Consider an attempt to find the line $f(t)=C+Gt+Ht$ that best approximates a set of points using least squares.
This is a contrived example to try to explain what exactly goes wrong when we have non-independent columns in a matrix $A$ that is part of a linear system $Ax=b$.
Let's say the points are $(0,1),(1,5),(2,1),(3,1),(4,7)$. Using the proposed line, we have the following system of equations
$$C=1$$ $$C+G+H=5$$ $$C+2G+2H=1$$ $$C+3G+3H=1$$ $$C+4G+4H=7$$
which in matrix form is $Ax=b$
$$\begin{bmatrix} 1&0&0\\ 1&1&1\\ 1&2&2\\ 1&3&3\\ 1&4&4\\ \end{bmatrix}\cdot \begin{bmatrix} C\\ G\\ H\end{bmatrix}=\begin{bmatrix} 1\\ 5\\ 1\\ 1\\ 7\end{bmatrix}$$
This system does not have a solution.
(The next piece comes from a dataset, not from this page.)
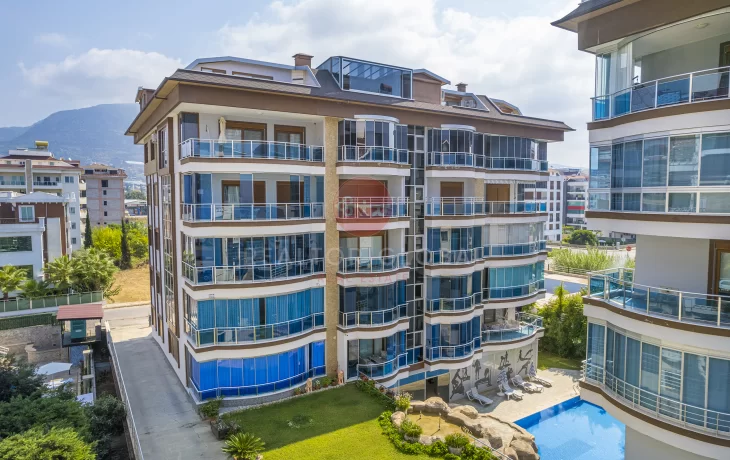 Beachfront Home, With Attention To Luxurious Details At The 2 Bedroom Apartment For Sale in Alanya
We can see this by row reducing it to
$$\begin{bmatrix} 1&0&0\\ 0&1&1\\ 0&0&0\\ 0&0&0\\ 0&0&0\\ \end{bmatrix}\cdot \begin{bmatrix} C\\ G\\ H\end{bmatrix}=\begin{bmatrix} 1\\ 4\\ -8\\ -12\\ -10\end{bmatrix}$$
Finding the least squares solution involves solving the system
$$A^TAx=A^Tb$$
We would need to invert $A^TA$ at this point, but we know that since the rank of $A$ is 2, the rank of $A^TA$ can't be larger than 2. Thus, $A^TA$, which is a 3 by 3 matrix, isn't invertible.
If we think about this problem geometrically, what is it that impedes the projection of $A^Tb$ onto the column space of $A^TA$? Ie, geometrically, why do we need to start with an $A$ that has independent columns?
We certainly do not need to start with a matrix $A$ whose columns are linearly independent. It just makes it easy to write down a formula for the unique solution. However, of course we do not need independent columns in order for the projection of the vector $b$ onto the column space of $A$ to exist (and be uniquely defined).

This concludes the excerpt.